*** Information shown Section Begins ***

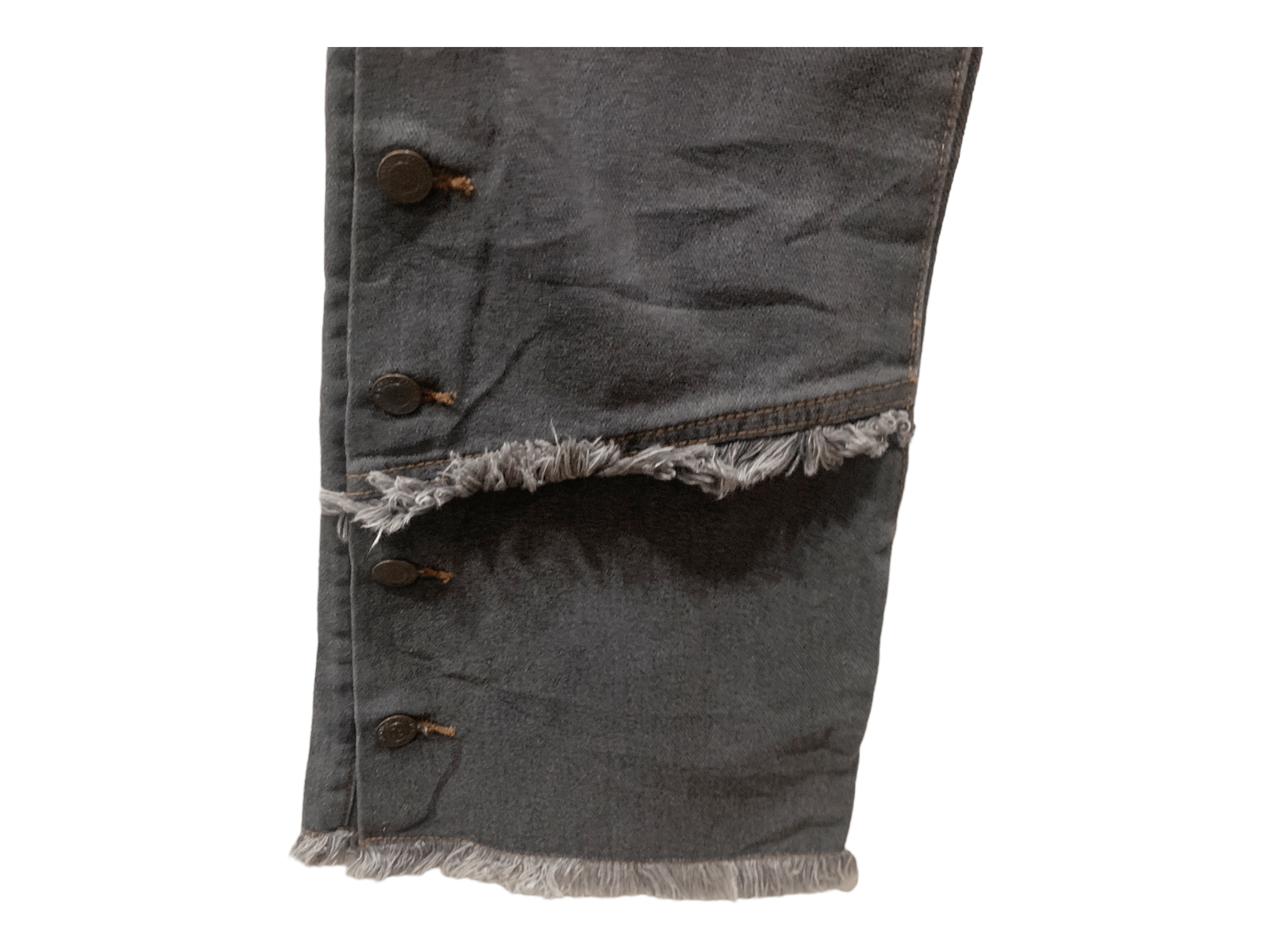 Kansai Yamamoto Kansai Yamamoto Bootcut Distressed Jeans Japanese Designer Size US 28 / EU 44 - 11 Thumbnail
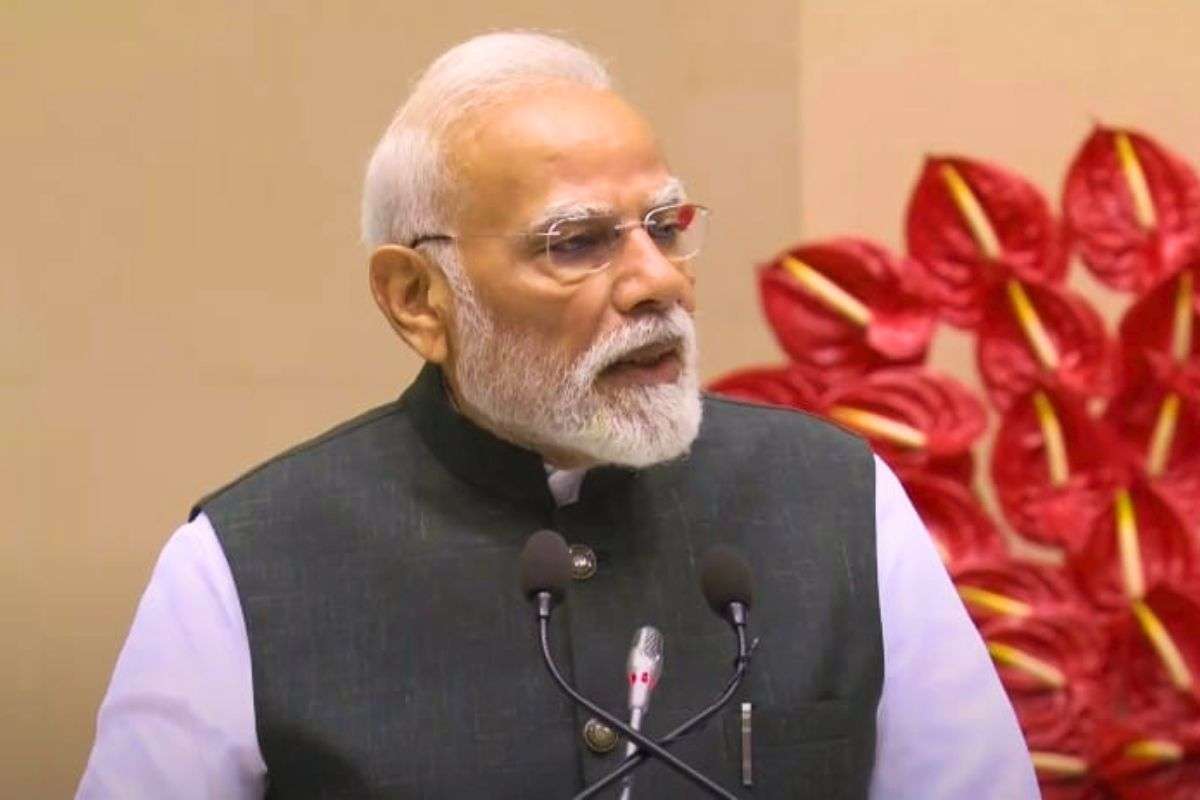 narendra modi news| PM Modi attacks RJD and Congress over Karpoori Thakur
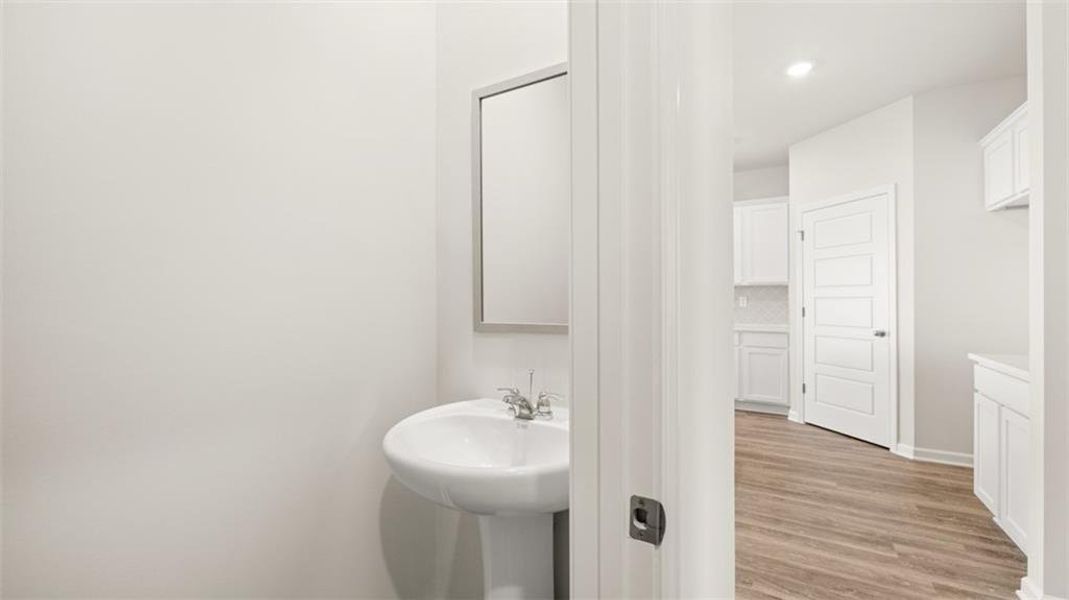 Furnished interior view inside a new home in The Preserve at Agricultural Village, Perry (Image 16).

*** Information shown Section Ends ***

The task
Where a picture appears in the listing above, skip it and set down all the rest exactly.

Final answer
 Kansai Yamamoto Kansai Yamamoto Bootcut Distressed Jeans Japanese Designer Size US 28 / EU 44 - 11 Thumbnail
 narendra modi news| PM Modi attacks RJD and Congress over Karpoori Thakur
 Furnished interior view inside a new home in The Preserve at Agricultural Village, Perry (Image 16).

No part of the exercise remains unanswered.